We need to stop misinformation. Here’s a start.
Information travels fast on social media, whether it’s true or not. When Captain Sully landed in the Hudson or when the Boston Marathon bomb went off, unvetted accounts spreading unverified information landed on our Facebook and Twitter feeds long before journalists had time to put pen to paper, clear the fact checkers and get it out into the ether.
The chaos of all this unvalidated information and the feeling of uncertainty and fear creates the perfect environment for anyone who wants to deliberately mislead. It comes as no surprise then, that 2020, a year of crises, has also been a year of massive amounts of misinformation (unintentional) and disinformation (intentional).
Climate deniers are expert disinformers
While it has skyrocketed as a national topic of discussion, misinformation did not start in 2020. It’s been around since the invention of storytelling. But there is a group of people, in recent decades, who have been honing their skills with the explicit purpose of making climate action harder than it should be: climate deniers.
This group of disinformers have been so successful that it’s hard to remember a time when climate action had bipartisan support. This quote from a 2019 Washington Post article is a painful reminder:
“In the early 1990s, polls showed that about 80 percent of Americans were aware of climate change and accepted that something must be done about it, an opinion that crossed party lines. By 2008, a Gallup poll found a marked partisan divide on climate change and, by 2010, the American public’s belief in climate change hit an all-time low of 48 percent despite the fact that those 20 years saw increased research, improved climate models and several climate change predictions coming true.”

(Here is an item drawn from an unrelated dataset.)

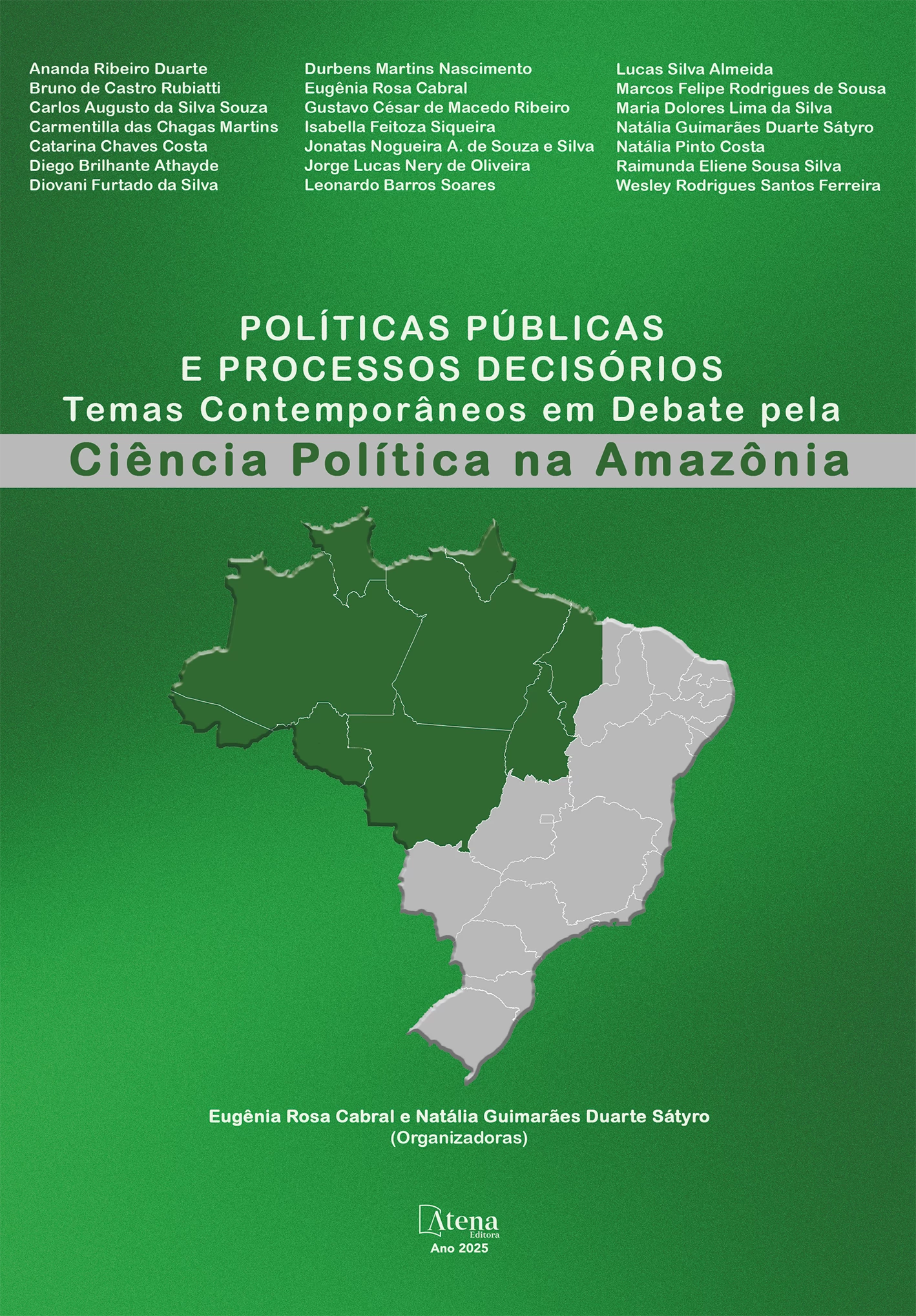 capa do ebook Políticas públicas e processos decisórios - Temas contemporâneos em debate pela ciência política na Amazônia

EDF is ramping up efforts to combat misinformation
There is hope, though. Momentum to better address climate misinformation is building. Just in the last year, EDF and EDF Action joined a coalition of over 12 major environmental groups that is tracking and combating misinformation in various ways - the only coalition of its kind. We’ve also launched our Misinformation Brigade, a group of EDF Action members I’m teaching to identify and report misinformation on social networks. And we’re not stopping there. We’re looking into different tools and tactics to try to stop the spread of disinformation as well as highlighting credible sources that people can get their information.
We can no longer ignore the dangers of misinformation and how it spreads like wildfire. When science is brought into question, our work to stabilize the climate, protect human health and move our country forward is all put at risk.